Atrophie du clavier : dans la téléphone mobile la sélection naturelle a très vite cherché à planquer ce clavier trop encombrant. Descendant de l’espèce, c’est naturellement que l’iPad se débarrasse de cette excroissance génétique des ordinateurs. Ce faisant, il introduit dans le monde de l’informatique ce qui fait le A de ADSL. En télécom ce A veut dire asymétrique et signifie que l’utilisateur envoie beaucoup moins de données sur un réseau qu’il n’en reçoit. L’utilisateur est le plus souvent passif. Cela va à l’encontre de la conception d’outil de travail, de productivité qu’ont toujours les ordinateurs. L’iPad nous dit : arrêtons ce mythe du web 2.0 et du contenu généré par les utilisateurs. La grande majorité des utilisateurs sont passifs et se contentent de consommer ce qu’un très petit pourcentage de gens produisent. Pourquoi faut-il continuer à imposer un clavier si encombrant pour entretenir l’illusion de l’utilisateur producteur ? À quoi bon un clavier pour écrire confortablement des textes longs quand la capacité d’attention que les gens ont à vous consacrer n’est que de 140 caractères ? À quoi bon un clavier dur, entier et permanent quand tout ce qu’on est dans la vie c’est au mieux un retweeter.

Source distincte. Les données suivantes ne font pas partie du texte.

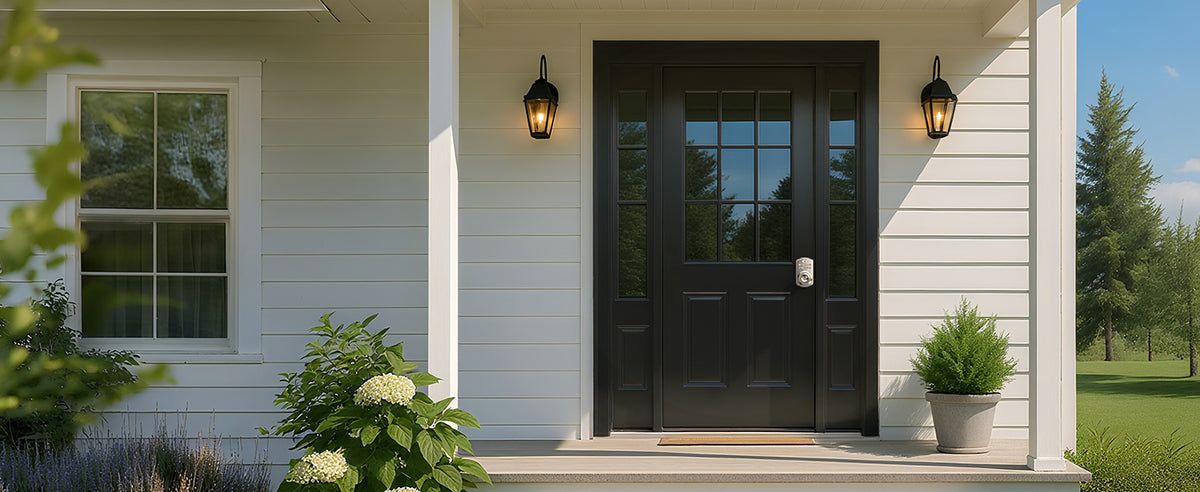 KS03 Keypad Door Knob Lock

Je pense que l’iPad n’est pas une catégorie bâtarde entre le téléphone portable et l’ordinateur. Je pense qu’il est la future catégorie principale. Aujourd’hui la majorité des ventes d’ordinateur se font dans le grand public à qui, pourtant on continue à proposer des descendants de postes de travail. L’iPad devrait, je crois assez rapidement, faire sortir les ordinateurs du tableau, les marginaliser, les renvoyer dans les bureaux ou les data center, à les rendre aussi pertinents dans le monde domestique qu’une machine à affranchir.

Apple veut prendre le contrôle de toute la vie

Il parait tout à coup dérisoire le temps où Microsoft était maître du monde juste parce qu’il faisait des logiciels pour écrire des rapports que personne ne lit, des présentations stériles et des feuilles de calcul. Apple veut prendre le contrôle de tout le reste, c’est-à-dire de toute la vie et non pas celui de ces moments marginaux pendant lesquels effectivement on travaille.

Mais l’iPad n’est pas la fin de l’histoire. Il n’est qu’un chaînon dans l’évolution qui mène inéluctablement à la dis-apparition de l’ordinateur, c’est-à-dire sa fusion complète et limpide avec notre environnement et nos vies.

S’il modifie notre relation à l’ordinateur, l’iPad ne change pas le paradigme du guichet, celui de l’objet médiateur exclusif. Nous restons dans un environnement stupide dans lequel il est nécessaire de passer par une seule porte consacrée pour atteindre l’Intelligence, la Joie et le Commerce.

Dans le monde d’Apple, strictement monothéiste, il n’est de Dieu que Dieu et toute relation avec l’au-delà numérique doit passer par l’Objet Saint. Apple imagine un monde monomodal dont il serait le nombril. Pour cela, l’icône reste indispensable. Dans la vie numérique proposée par Apple, la prothèse doit rester apparente, ostensible, prosélyte. Comme disait Jean-Paul Sartre en parlant d’Apple, « le Media est le Message ».

L’avenir de la vie numérique est à la disparition du lieu de culte unique : tous les objets de la vie devraient pouvoir parler directement avec l’au-delà numérique, sans médiateur, de manière transparente et nécessairement banale. Il ne devrait plus y avoir d’Objet Élu.

Ce que Apple ne saura jamais faire, c’est devenir transparent or le sens de l’histoire serait qu’il le devienne. Quand le monde entier devient magique, on n’a plus besoin de Magic Kingdom.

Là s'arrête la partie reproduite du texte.